**What to work on**:
The answer must consist solely of the lines from the line with "We will update" to the final line of the data below, reproduced exactly, pictures omitted.

Stored data entries

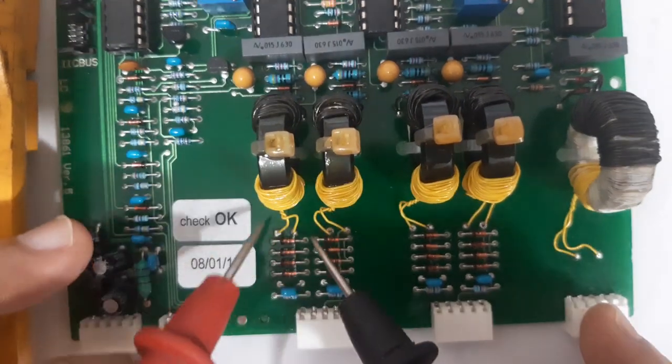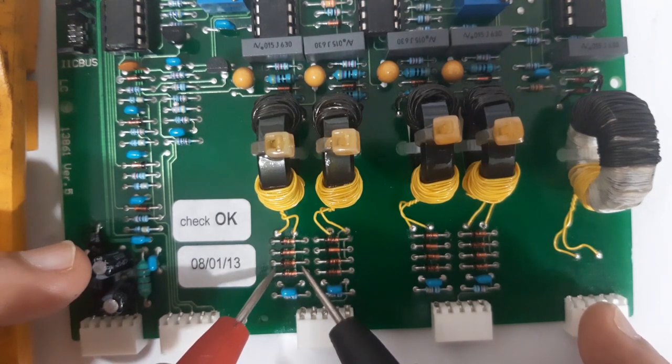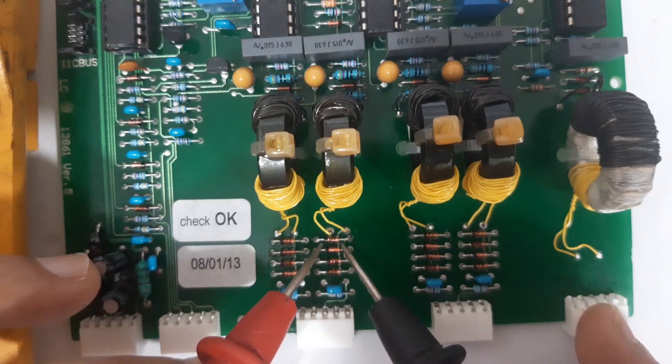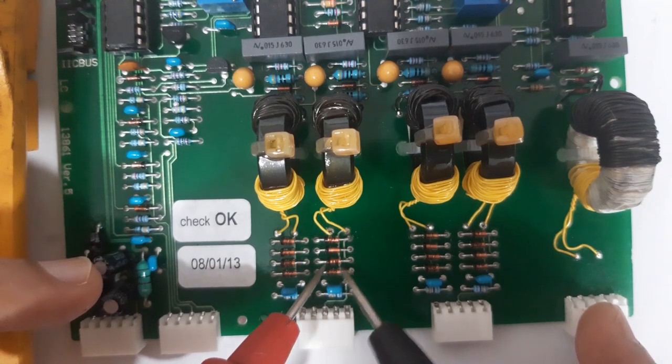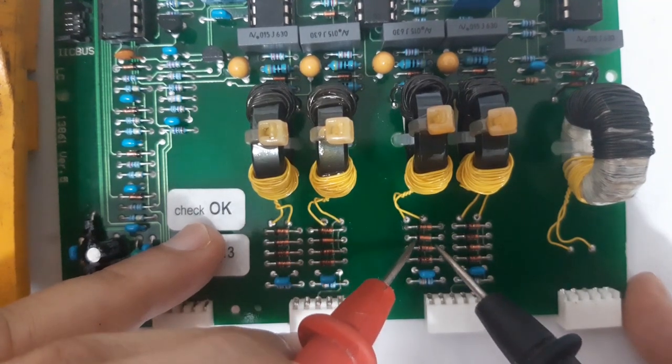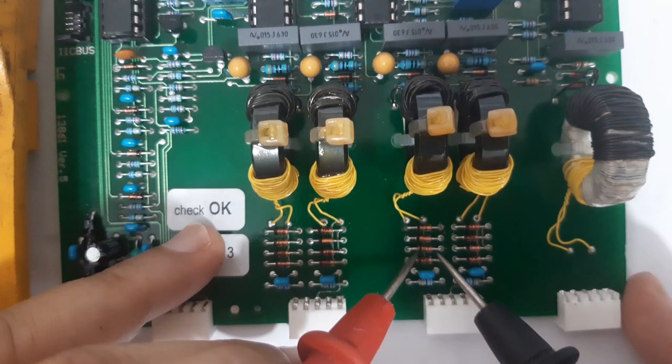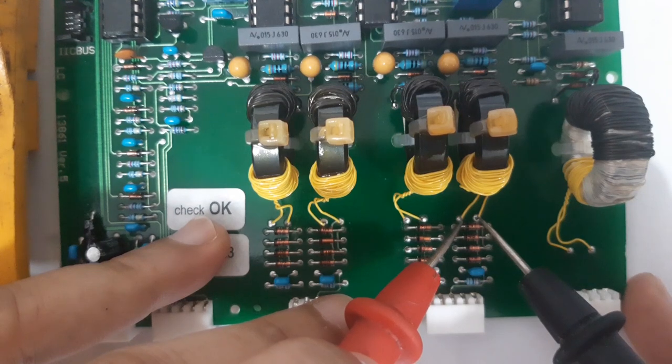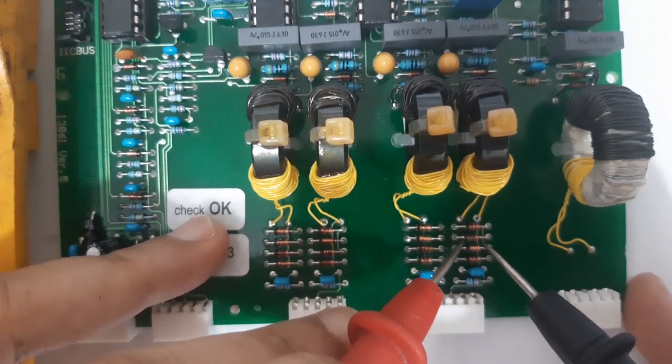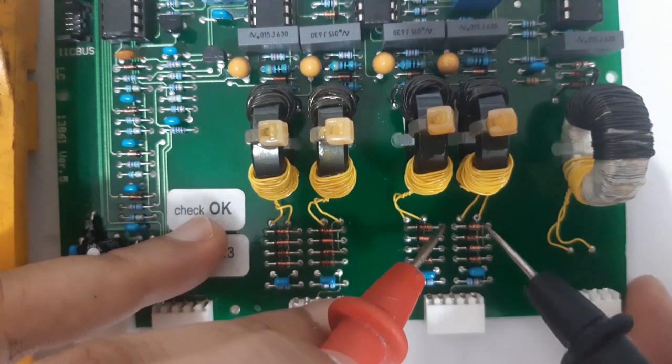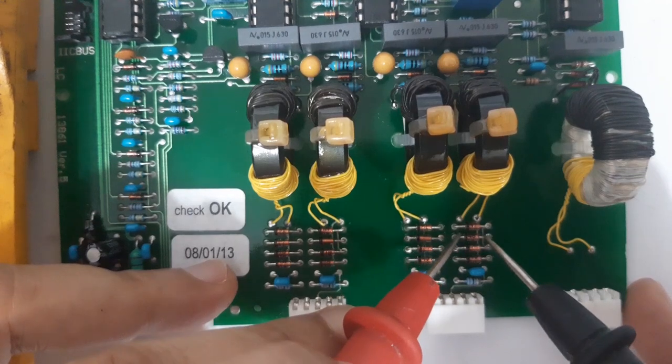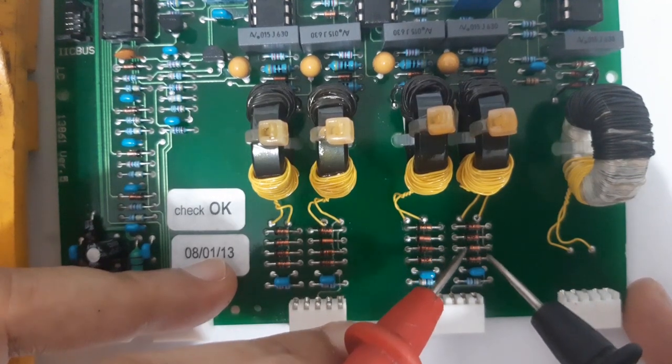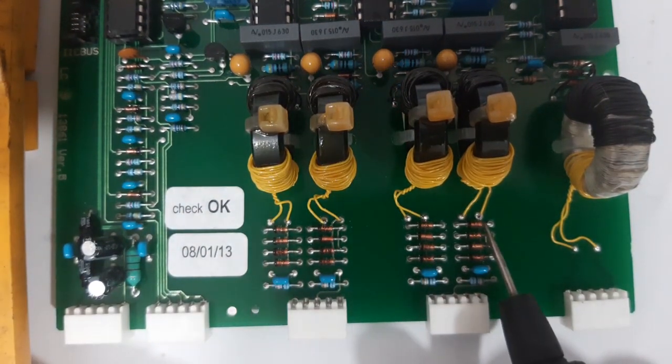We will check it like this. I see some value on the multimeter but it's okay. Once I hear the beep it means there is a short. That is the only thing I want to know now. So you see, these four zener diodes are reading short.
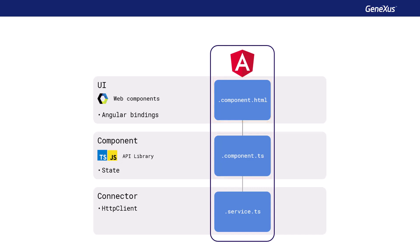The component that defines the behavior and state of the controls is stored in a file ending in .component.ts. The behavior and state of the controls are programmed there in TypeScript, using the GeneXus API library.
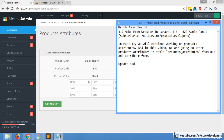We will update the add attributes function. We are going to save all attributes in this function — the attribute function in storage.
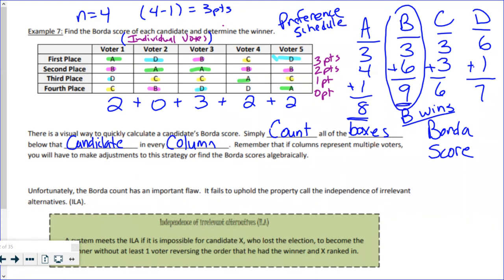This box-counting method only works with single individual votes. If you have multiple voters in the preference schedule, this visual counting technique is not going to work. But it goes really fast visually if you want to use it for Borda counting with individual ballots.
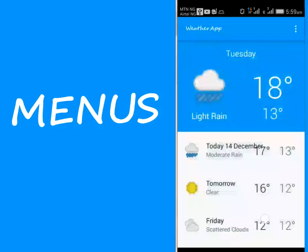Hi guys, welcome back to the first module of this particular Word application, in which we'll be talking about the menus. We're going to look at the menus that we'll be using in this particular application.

**Your solution**:
We will update the add attributes function. We are going to save all attributes in this function — the attribute function in storage.
This box-counting method only works with single individual votes. If you have multiple voters in the preference schedule, this visual counting technique is not going to work. But it goes really fast visually if you want to use it for Borda counting with individual ballots.
Hi guys, welcome back to the first module of this particular Word application, in which we'll be talking about the menus. We're going to look at the menus that we'll be using in this particular application.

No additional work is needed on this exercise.